What this task involves:
Exactly as they stand, repeat the lines from the one containing "In the digestive" through the final line of the listing, both ends included, and nothing else; skip the pictures.

Data shown:

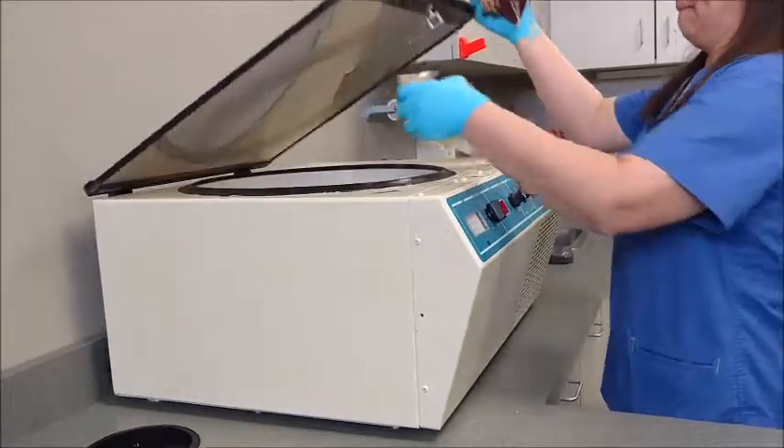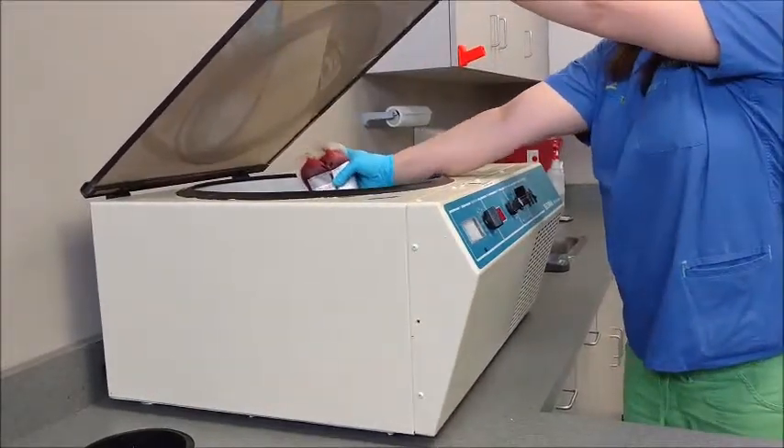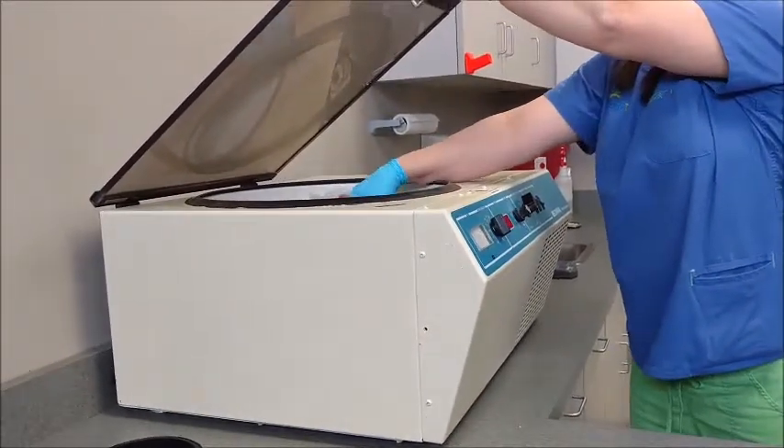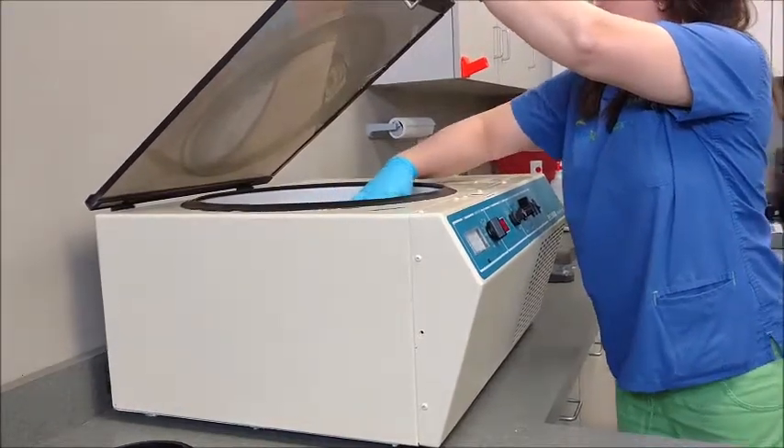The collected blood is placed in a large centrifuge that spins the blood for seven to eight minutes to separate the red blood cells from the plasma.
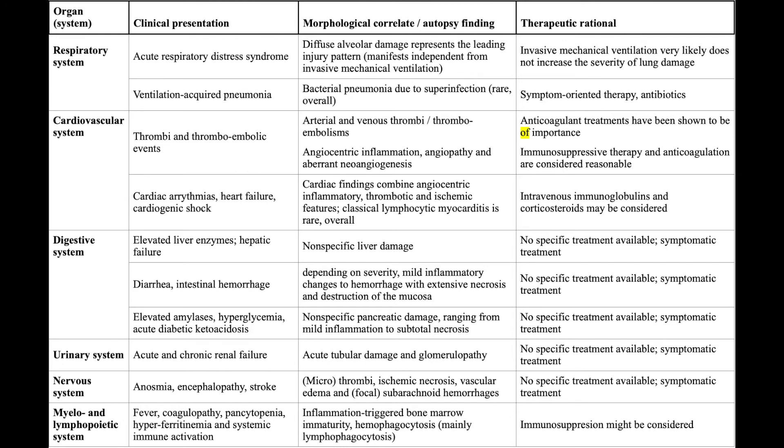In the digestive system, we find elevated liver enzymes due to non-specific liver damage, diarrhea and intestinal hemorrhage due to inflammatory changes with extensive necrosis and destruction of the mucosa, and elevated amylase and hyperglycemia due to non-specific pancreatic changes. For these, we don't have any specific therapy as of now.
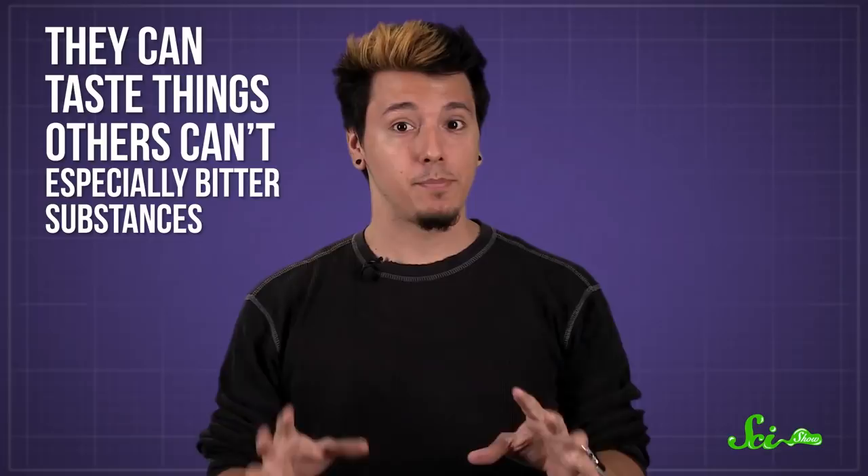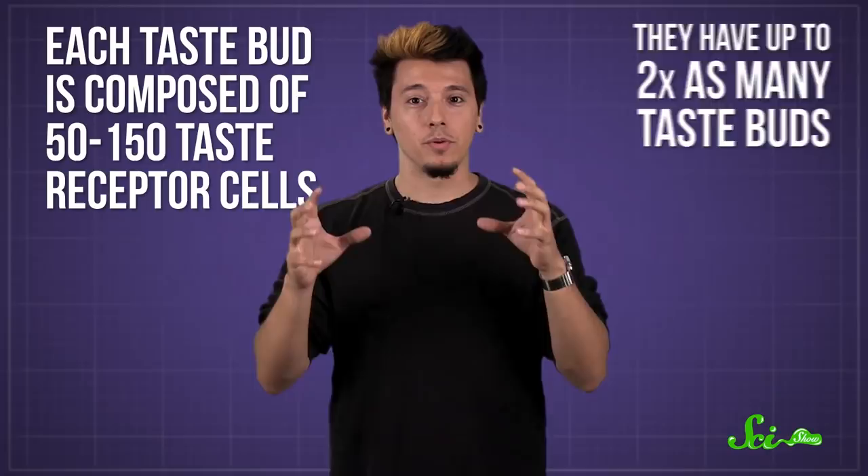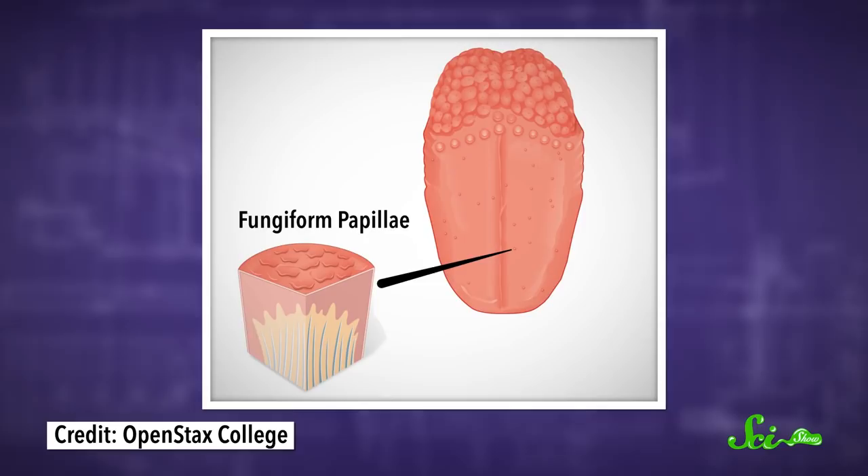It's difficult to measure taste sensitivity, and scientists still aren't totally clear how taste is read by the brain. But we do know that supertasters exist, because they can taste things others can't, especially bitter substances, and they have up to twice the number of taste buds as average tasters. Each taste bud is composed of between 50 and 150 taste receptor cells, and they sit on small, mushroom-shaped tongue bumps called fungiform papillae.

Answer to this problem:
In the digestive system, we find elevated liver enzymes due to non-specific liver damage, diarrhea and intestinal hemorrhage due to inflammatory changes with extensive necrosis and destruction of the mucosa, and elevated amylase and hyperglycemia due to non-specific pancreatic changes. For these, we don't have any specific therapy as of now.
It's difficult to measure taste sensitivity, and scientists still aren't totally clear how taste is read by the brain. But we do know that supertasters exist, because they can taste things others can't, especially bitter substances, and they have up to twice the number of taste buds as average tasters. Each taste bud is composed of between 50 and 150 taste receptor cells, and they sit on small, mushroom-shaped tongue bumps called fungiform papillae.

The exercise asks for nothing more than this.